Oct. 21 (UPI) — NASA’s OSIRIS-REx touched down on asteroid Bennu on Tuesday evening in a mission to scoop a sample of rocks and dirt.
The spacecraft — the Origins, Spectral Interpretation, Resource Identification, Security, Regolith Explorer — made soft contact with the asteroid at 6:12 p.m. EDT.
The historic “touch and go” event featured animation displaying OSIRIS-REx’s sample collection activities in real time.

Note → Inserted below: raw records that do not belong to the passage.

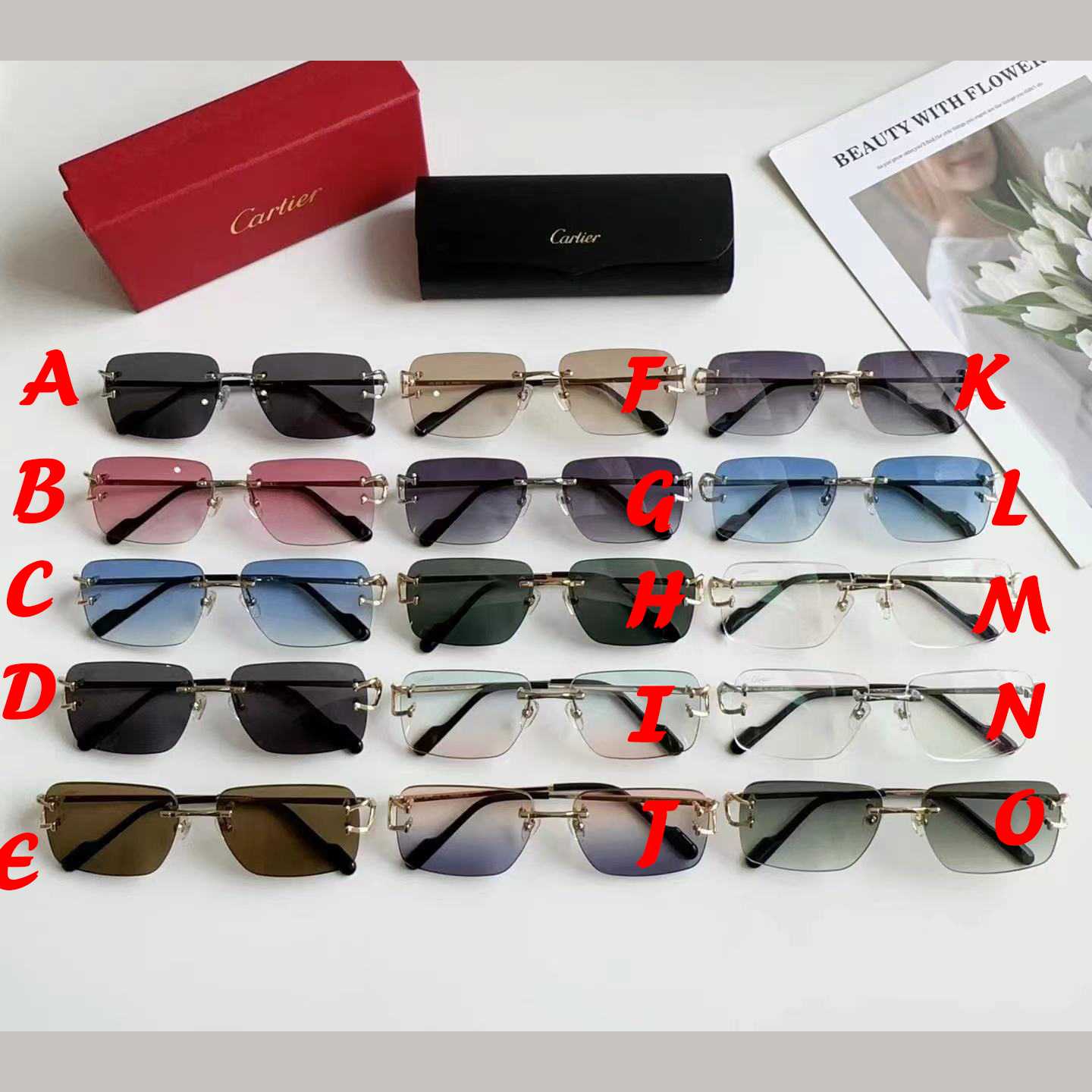 Cartier Sunglasses     - DopestKickz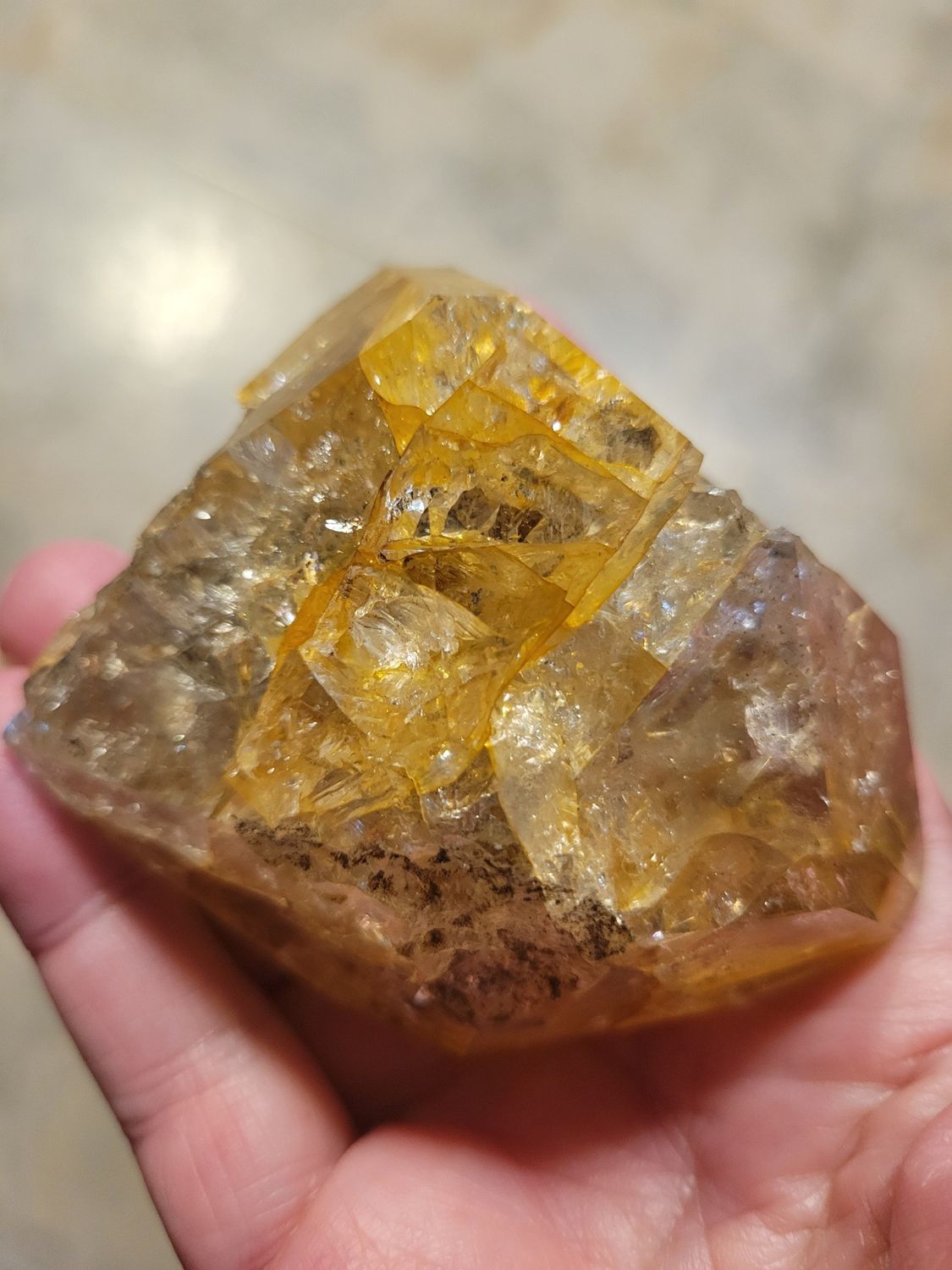 Crystal Herkimer Quartz Golden Healer 240gms WAS$275.00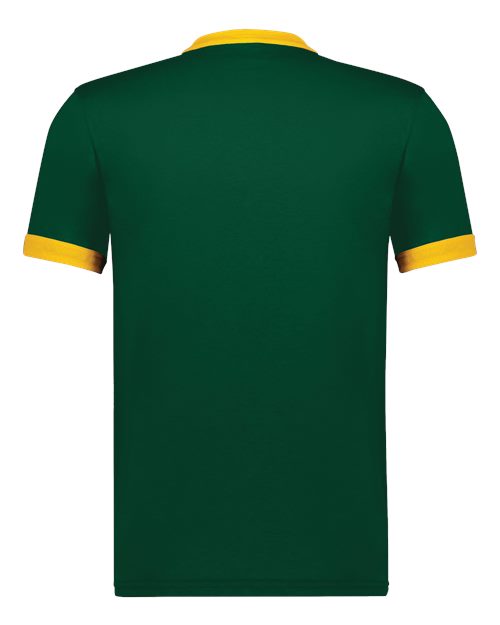 Augusta Sportswear 711 Youth Ringer T-Shirt - Dark Green/ Gold - back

It takes time for real images of the touchdown to travel back to the Earth, so they won’t be released to the public until Wednesday.
The craft executed a series of maneuvers over the course of several hours before making soft contact with the surface of the asteroid to collect regolith, or rocks and dirt.
“It will be four and a half hours of anxiousness,” Beth Buck, OSIRIS-REx mission operations manager at Lockheed Martin Space, said in a news conference ahead of the event.
Buck made a comparison to the descent of a spacecraft on Mars, when there is typically “seven minutes of terror.”
The goal is to learn more about the solar system’s history and help “planetary defense” engineers with missions to protect earth from rogue asteroids. Bennu is believed to be a window into the solar system’s past since it’s a pristine, carbon-rich body carrying building blocks of both planets and life.
At around 1:50 p.m. EDT, the spacecraft left orbit around the asteroid before executing a series of burns to position itself over a sampling area nicknamed Nightingale.
Once in position, the craft began its approach to the asteroid at 5:50 p.m. EDT. It then spent about 15 seconds attempting to collect the regolith sample before backing away again.
The area, which is 52 feet in diameter, will make for a more demanding landing than expected, Kenneth Getzandanner, OSIRIS-REx flight dynamics manager at the NASA Goddard Space Flight Center in Maryland, said in the news conference.
The original mission called for a landing “zone” about 150% larger than Nightingale, at 82 feet, but that changed because Bennu was more rocky than expected.
The goal was to collect at least 1.7 ounces of fine-grained material, but the spacecraft can carry up to 4.4 pounds, Heather Enos, OSIRIS-REx deputy principal investigator at the University of Arizona said.
“I would love for that capsule to be completely full,” Enos said.
Though early images from the asteroid should hint at whether the mission succeeded, it will take engineers roughly 10 days to compare and analyze the mass before and after the maneuver to actually know how much dirt is inside the OSIRIS-REx.
If it failed, the spacecraft has enough fuel to attempt two more touch downs to collect material.
The spacecraft is expected to return to Earth, with the regolith sample from Bennu, in 2023.